» **REQUIRED ACTION**
Please return the lines below verbatim, beginning at the one that has "Silk World‎ Flags" and stopping after the one that has "A digitally rendered", and add no other lines.

» **AVAILABLE RECORDS**
--*--

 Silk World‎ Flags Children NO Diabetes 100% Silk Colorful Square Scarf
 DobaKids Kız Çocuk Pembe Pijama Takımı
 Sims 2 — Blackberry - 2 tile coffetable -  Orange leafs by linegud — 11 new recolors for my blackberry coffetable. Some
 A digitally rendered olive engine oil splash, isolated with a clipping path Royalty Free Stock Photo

--*--

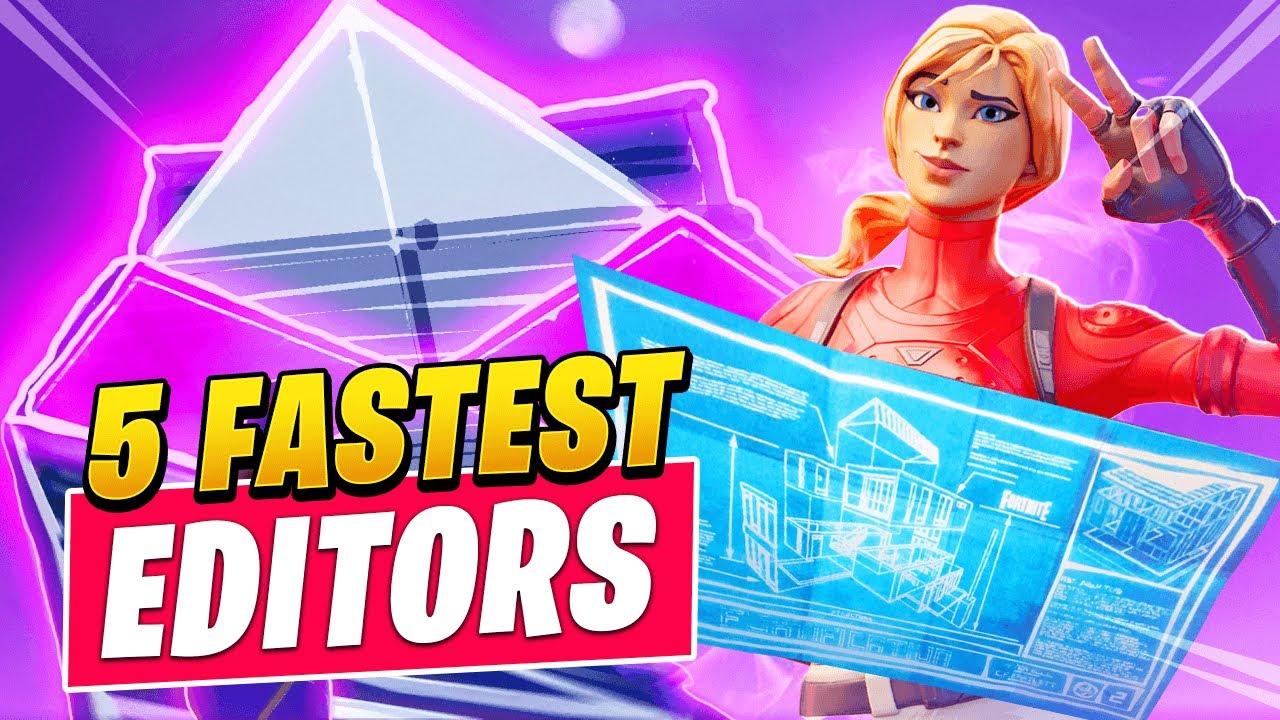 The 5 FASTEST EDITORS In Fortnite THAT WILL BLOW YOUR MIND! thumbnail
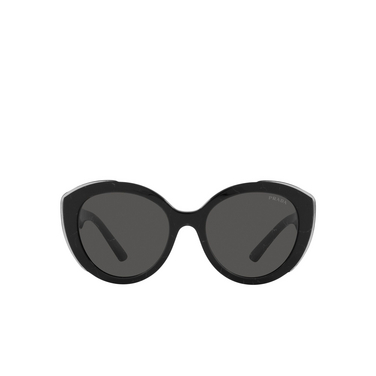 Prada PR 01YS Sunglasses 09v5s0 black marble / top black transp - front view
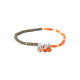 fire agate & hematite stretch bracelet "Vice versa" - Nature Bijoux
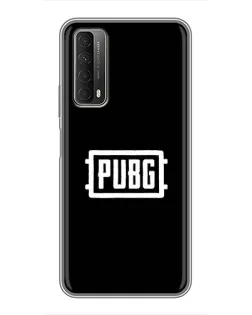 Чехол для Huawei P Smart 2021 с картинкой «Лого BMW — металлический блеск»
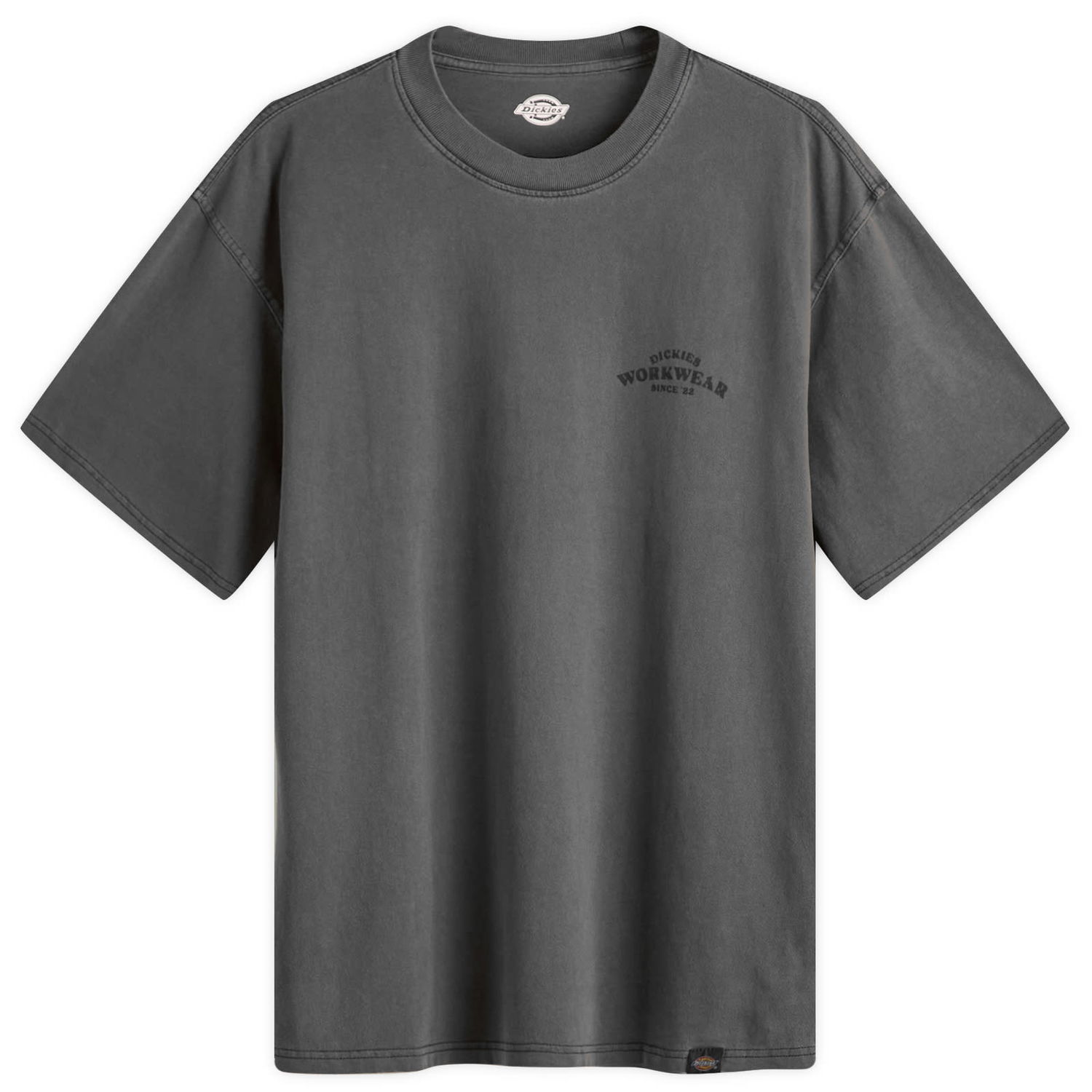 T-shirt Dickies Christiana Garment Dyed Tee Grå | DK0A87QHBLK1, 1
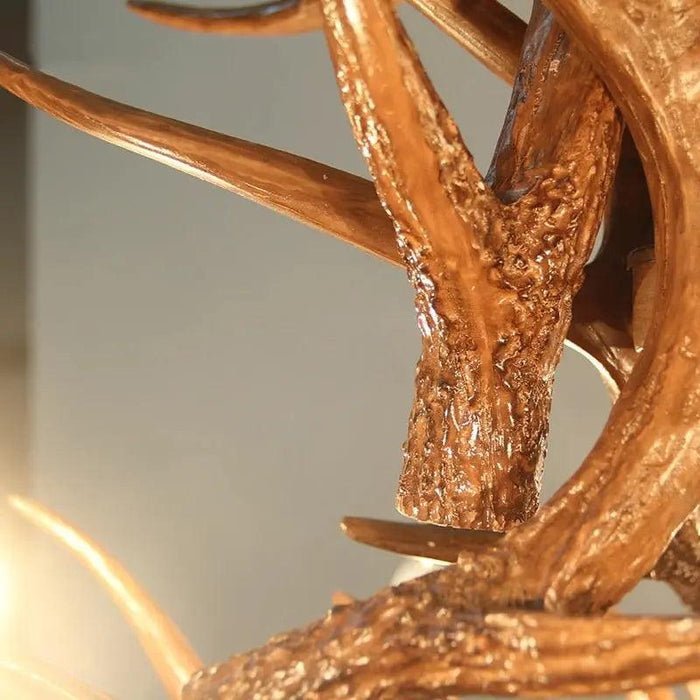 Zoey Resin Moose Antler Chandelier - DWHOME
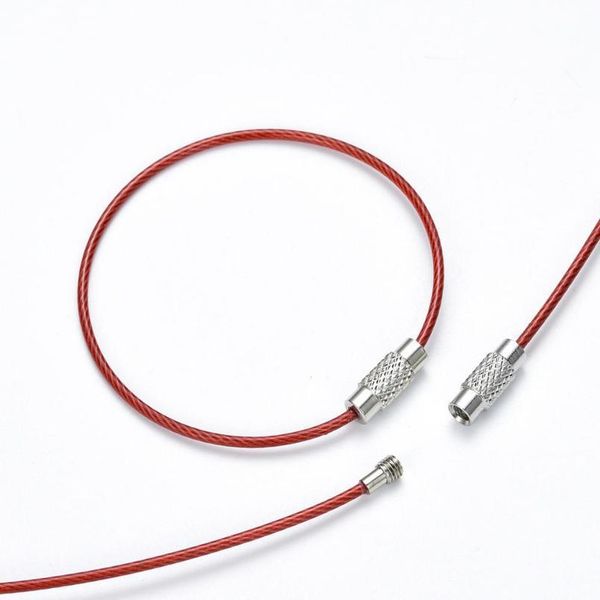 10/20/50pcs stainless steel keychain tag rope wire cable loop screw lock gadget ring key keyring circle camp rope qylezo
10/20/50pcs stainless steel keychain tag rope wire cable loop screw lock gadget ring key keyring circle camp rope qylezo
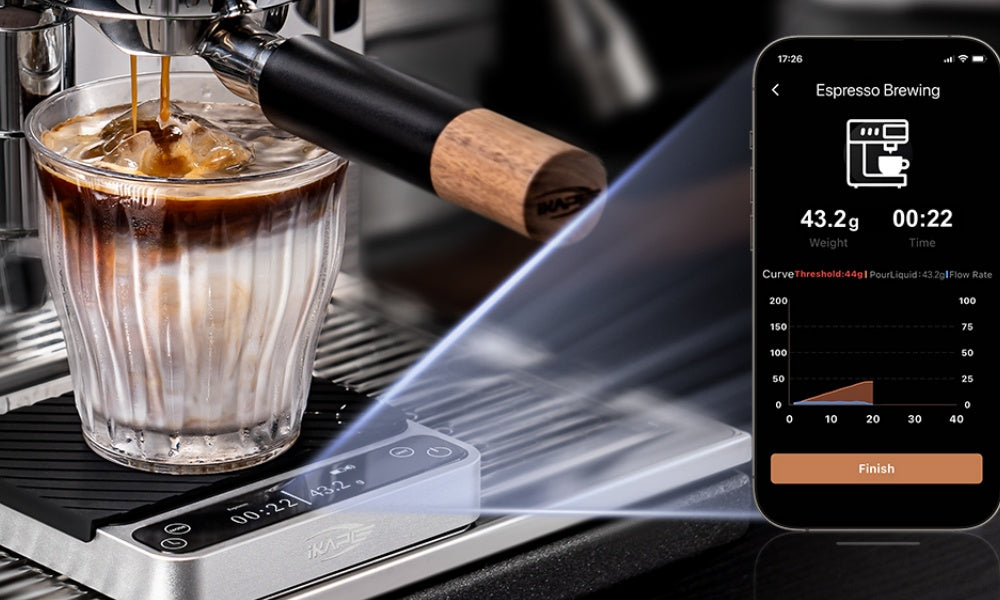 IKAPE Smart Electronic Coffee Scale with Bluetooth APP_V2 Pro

--*--

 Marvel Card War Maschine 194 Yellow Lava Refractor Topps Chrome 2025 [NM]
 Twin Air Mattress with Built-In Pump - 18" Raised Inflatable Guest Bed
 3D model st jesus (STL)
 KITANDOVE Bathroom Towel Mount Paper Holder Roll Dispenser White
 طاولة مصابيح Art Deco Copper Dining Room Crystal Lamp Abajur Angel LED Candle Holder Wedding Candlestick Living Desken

--*--

» **EXERCISE OUTPUT**
 Silk World‎ Flags Children NO Diabetes 100% Silk Colorful Square Scarf
 DobaKids Kız Çocuk Pembe Pijama Takımı
 Sims 2 — Blackberry - 2 tile coffetable -  Orange leafs by linegud — 11 new recolors for my blackberry coffetable. Some
 A digitally rendered olive engine oil splash, isolated with a clipping path Royalty Free Stock Photo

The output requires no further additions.